Rockwool came into Jefferson County through a backdoor process led by unelected staff at the West Virginia Department of Commerce.
Our local and state government committed to change Jefferson Orchards zoning and to provide tax and infrastructure subsidies to Rockwool during extensive, secret negotiations with the company.
The Journal News reported on July 25, 2017, "Negotiations with Roxul began seven months ago, and the project was code named “Operation Shuttle” to maintain confidentiality. The city, the county and the state officials involved also signed non-disclosure agreements."
While governments do negotiate with businesses in secret, the situation with Rockwool was different. This wasn't Amazon's HQ2, but a deal that was outside the stated mission of the JDCA and outside our Comprehensive Plan, and with only a few jobs paying above the County median. The negotiations included plans for sweeping zoning, roads, sewer, water, and tax changes. The secrecy of Operation Shuttle wasn't to protect Rockwool's operations, but to pre-load a set of policy changes and rapidly pass them onto an unsuspecting public.
Even if there was a temporary need to keep the negotiations with Rockwool secret, there wasn't a meaningful opportunity for public input on the agreement after the negotiations were concluded. In fact, work started on the ground even before the project was publicly announced. And Rockwool didn't hold its first public meeting on the project until over a year later.
Operation Shuttle was a scheme to deny public input and involvement in the Rockwool project.
Read more about Operation Shuttle in Forbes Magazine
"All the players involved did a very good job of keeping it under wraps.-- John Reisenweber, JCDA executive director in the Martinsburg Journal
Rockwool was announced to the public on July 6, 2017. At that time, Jefferson Orchard was zoned as an award-winning mixed use "Sustainable Community". Twelve days later, on July 18, 2017, the City of Ranson put forward a set of highly technical zoning changes that converted the mixed use property to allow heavy industry, and banned residential uses. At this time the City of Ranson failed to provide adequate notice to neighboring properties. (This issue is now the subject of pending litigation by Jefferson County Vision.)

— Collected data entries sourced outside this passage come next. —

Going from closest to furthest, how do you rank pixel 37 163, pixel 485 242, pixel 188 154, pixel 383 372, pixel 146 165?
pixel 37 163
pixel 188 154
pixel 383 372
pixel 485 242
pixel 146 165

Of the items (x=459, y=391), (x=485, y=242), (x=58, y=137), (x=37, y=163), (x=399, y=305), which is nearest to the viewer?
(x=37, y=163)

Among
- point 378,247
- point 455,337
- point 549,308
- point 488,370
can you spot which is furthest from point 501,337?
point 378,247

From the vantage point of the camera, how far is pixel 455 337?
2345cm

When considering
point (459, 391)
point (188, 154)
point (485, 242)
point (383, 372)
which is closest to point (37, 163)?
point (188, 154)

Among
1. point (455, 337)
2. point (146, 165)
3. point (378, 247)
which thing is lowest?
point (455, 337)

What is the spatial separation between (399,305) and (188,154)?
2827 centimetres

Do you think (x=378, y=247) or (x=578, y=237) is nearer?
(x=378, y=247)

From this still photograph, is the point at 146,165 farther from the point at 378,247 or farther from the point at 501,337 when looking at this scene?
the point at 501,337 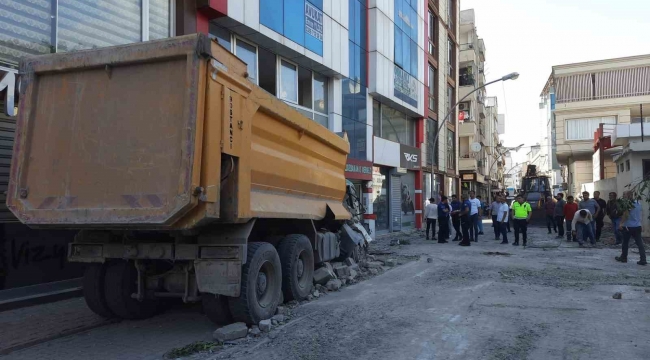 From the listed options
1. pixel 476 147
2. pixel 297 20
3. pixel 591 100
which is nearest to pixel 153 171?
pixel 297 20

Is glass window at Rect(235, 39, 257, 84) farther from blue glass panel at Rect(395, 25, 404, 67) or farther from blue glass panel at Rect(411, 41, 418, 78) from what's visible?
blue glass panel at Rect(411, 41, 418, 78)

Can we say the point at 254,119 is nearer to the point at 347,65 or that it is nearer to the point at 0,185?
the point at 0,185

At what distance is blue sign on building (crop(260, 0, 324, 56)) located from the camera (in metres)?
12.4

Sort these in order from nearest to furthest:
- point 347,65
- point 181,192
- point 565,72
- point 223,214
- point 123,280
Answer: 1. point 181,192
2. point 223,214
3. point 123,280
4. point 347,65
5. point 565,72

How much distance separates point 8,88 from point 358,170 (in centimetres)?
1187

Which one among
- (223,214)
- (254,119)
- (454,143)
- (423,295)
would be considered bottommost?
(423,295)

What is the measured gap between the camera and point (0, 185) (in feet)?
22.4

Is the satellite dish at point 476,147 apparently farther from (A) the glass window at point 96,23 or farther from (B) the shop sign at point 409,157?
(A) the glass window at point 96,23

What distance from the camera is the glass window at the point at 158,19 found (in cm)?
945

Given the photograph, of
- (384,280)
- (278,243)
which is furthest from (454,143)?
(278,243)

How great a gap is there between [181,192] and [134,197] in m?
0.56

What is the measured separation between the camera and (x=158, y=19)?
9.57 metres

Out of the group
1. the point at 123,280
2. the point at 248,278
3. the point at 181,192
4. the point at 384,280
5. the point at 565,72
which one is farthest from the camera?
the point at 565,72

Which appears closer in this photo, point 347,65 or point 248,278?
point 248,278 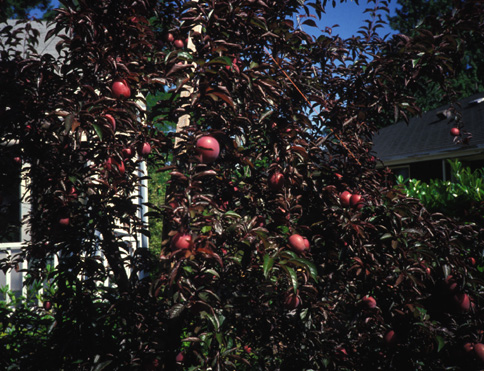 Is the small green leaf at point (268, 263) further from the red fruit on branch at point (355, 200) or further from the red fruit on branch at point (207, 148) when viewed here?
the red fruit on branch at point (355, 200)

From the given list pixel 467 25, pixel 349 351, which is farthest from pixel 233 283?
pixel 467 25

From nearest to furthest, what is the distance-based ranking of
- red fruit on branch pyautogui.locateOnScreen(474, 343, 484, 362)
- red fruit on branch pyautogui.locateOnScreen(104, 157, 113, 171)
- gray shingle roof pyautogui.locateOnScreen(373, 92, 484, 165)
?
red fruit on branch pyautogui.locateOnScreen(104, 157, 113, 171), red fruit on branch pyautogui.locateOnScreen(474, 343, 484, 362), gray shingle roof pyautogui.locateOnScreen(373, 92, 484, 165)

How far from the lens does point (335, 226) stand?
1970 mm

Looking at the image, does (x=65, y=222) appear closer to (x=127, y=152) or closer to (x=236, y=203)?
(x=127, y=152)

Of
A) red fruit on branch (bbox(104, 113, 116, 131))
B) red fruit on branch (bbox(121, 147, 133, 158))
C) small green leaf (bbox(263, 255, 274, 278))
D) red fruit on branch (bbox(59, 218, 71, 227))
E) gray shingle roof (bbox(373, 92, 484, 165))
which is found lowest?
small green leaf (bbox(263, 255, 274, 278))

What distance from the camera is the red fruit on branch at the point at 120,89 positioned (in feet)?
5.79

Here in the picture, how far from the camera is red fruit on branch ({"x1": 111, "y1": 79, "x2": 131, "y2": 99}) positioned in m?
1.77

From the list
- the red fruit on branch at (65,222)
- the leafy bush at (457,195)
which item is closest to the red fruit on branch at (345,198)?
the red fruit on branch at (65,222)

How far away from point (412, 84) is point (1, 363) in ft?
9.86

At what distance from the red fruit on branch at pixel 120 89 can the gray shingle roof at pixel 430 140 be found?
1168 centimetres

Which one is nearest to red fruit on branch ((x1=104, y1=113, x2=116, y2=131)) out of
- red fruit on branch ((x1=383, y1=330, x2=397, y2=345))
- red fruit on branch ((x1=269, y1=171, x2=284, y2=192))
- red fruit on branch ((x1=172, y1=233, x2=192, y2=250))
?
red fruit on branch ((x1=172, y1=233, x2=192, y2=250))

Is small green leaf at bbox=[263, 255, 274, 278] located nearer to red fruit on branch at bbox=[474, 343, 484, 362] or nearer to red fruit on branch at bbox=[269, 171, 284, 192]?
red fruit on branch at bbox=[269, 171, 284, 192]

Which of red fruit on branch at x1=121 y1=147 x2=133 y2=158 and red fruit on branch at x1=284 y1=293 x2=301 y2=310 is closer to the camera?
red fruit on branch at x1=284 y1=293 x2=301 y2=310

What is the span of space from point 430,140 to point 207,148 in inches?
617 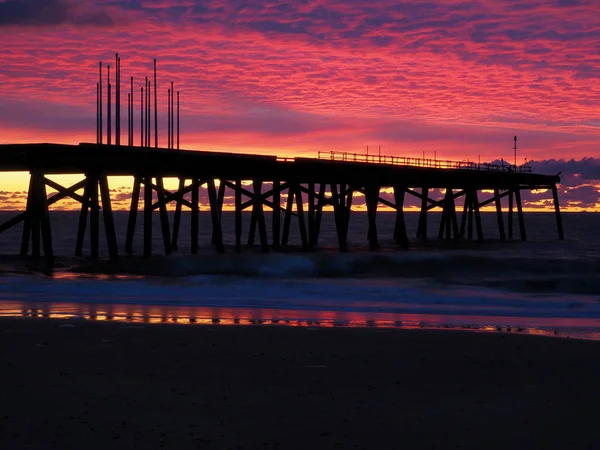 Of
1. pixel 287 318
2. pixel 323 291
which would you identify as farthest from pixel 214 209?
pixel 287 318

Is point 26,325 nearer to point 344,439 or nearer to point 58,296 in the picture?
point 58,296

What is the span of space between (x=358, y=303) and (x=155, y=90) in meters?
26.8

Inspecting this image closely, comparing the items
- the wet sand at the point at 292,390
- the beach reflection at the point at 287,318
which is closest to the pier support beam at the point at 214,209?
the beach reflection at the point at 287,318

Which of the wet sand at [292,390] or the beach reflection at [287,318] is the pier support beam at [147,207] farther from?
the wet sand at [292,390]

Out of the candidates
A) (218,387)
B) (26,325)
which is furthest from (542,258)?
(218,387)

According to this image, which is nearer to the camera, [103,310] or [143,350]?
[143,350]

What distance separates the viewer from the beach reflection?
15.4 metres

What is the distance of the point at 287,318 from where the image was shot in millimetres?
16734

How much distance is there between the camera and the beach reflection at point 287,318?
15.4 m

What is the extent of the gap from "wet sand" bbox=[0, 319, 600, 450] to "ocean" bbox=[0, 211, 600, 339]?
276 cm

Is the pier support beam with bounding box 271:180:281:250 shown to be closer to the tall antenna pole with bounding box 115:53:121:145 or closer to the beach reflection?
the tall antenna pole with bounding box 115:53:121:145

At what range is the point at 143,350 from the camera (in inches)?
472

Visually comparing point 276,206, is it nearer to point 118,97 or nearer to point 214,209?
point 214,209

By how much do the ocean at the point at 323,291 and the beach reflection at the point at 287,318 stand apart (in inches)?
0.9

On August 3, 2017, the Jefferson County Commission voted to accept their part of the Rockwool deal-- a special tax giveaway called PILOT-- under the code-named agenda item "Project Shuttle".
Here's the video of the August 3, 2017 County Commission vote. The public never had access to the agreement with Rockwool before the vote. Even the people attending the Commission meeting did not receive copies of the agreement:
Commissioner Jane Tabb: "I'm sorry Mr. Reisenweber, I haven't seen this. [the final agreement]
Clerk to Reisenweber: "You had asked me not to put it in the packet."
Reisenweber: "Oh. Oh I didn't mean at the exclusion of the commissioners."
Tabb: "Is it public, is it a public document?"
Clerk: "After you approve it today it will be a public document."
This is clearly a dysfunctional process. First of all, building Rockwool serves no public purpose. This is a private commercial transaction, and it is flat wrong that our government officials are signing non-disclosure agreements, planning zoning changes, and making taxpayer commitments to private commercial interests in secret negotiations.
Second, the process failed to include any consideration of Rockwool's toxic air emissions, or the impact of its trucking and around-the-clock operations on Jefferson County's quality of life.